START Supplied data

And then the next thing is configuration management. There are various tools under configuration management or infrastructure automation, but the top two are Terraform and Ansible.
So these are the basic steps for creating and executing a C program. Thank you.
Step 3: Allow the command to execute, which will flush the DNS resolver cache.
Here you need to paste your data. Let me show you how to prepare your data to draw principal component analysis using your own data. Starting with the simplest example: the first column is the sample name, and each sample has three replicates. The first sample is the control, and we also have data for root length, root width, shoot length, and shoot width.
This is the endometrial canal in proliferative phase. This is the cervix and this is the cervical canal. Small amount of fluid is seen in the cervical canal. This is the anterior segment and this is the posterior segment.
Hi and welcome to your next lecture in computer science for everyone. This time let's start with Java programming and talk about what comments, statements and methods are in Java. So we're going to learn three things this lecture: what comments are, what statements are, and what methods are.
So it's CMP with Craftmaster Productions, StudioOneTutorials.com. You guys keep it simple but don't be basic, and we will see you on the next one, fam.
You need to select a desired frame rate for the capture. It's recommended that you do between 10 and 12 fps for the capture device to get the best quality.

END Supplied data
START Supplied data

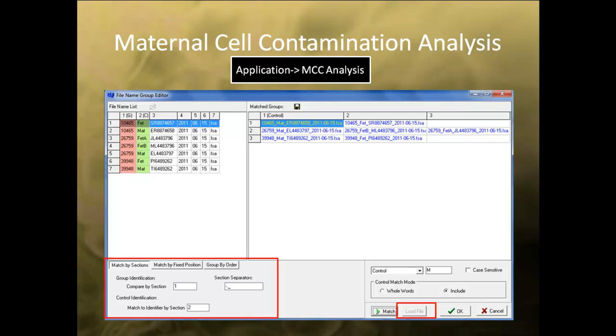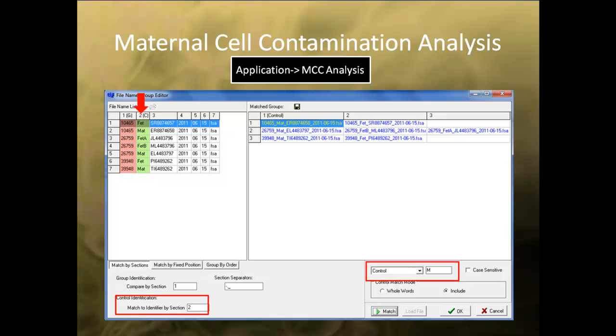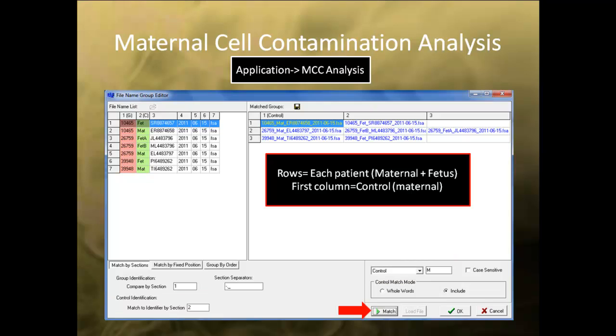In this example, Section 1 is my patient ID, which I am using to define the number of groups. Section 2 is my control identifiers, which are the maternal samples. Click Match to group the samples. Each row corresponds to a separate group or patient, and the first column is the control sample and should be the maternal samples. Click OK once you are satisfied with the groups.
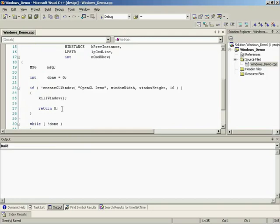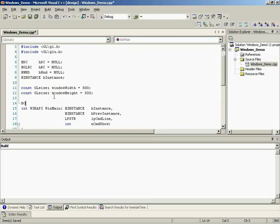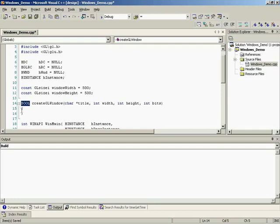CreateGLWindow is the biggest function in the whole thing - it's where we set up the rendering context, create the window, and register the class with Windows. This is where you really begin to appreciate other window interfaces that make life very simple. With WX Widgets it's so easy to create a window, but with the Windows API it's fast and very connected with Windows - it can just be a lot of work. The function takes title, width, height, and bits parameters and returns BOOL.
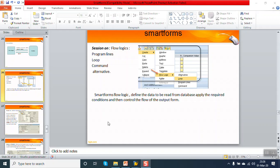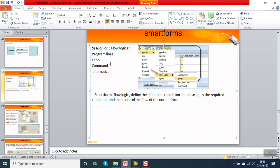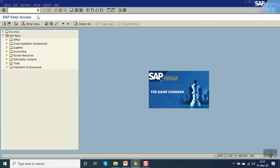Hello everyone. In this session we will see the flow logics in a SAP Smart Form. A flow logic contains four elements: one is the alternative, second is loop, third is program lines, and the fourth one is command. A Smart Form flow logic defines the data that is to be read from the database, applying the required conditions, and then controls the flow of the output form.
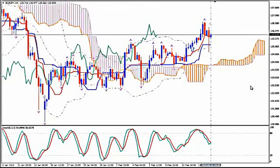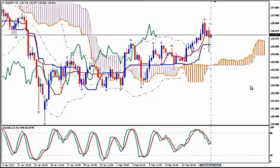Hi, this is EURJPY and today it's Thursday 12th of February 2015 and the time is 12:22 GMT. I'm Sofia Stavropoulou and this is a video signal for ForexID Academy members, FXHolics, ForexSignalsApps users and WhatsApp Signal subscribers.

END Supplied data

Exercise instructions ▸ Among the lines above, find the ones containing "need" and copy them.

Answer section ▸
Here you need to paste your data. Let me show you how to prepare your data to draw principal component analysis using your own data. Starting with the simplest example: the first column is the sample name, and each sample has three replicates. The first sample is the control, and we also have data for root length, root width, shoot length, and shoot width.
You need to select a desired frame rate for the capture. It's recommended that you do between 10 and 12 fps for the capture device to get the best quality.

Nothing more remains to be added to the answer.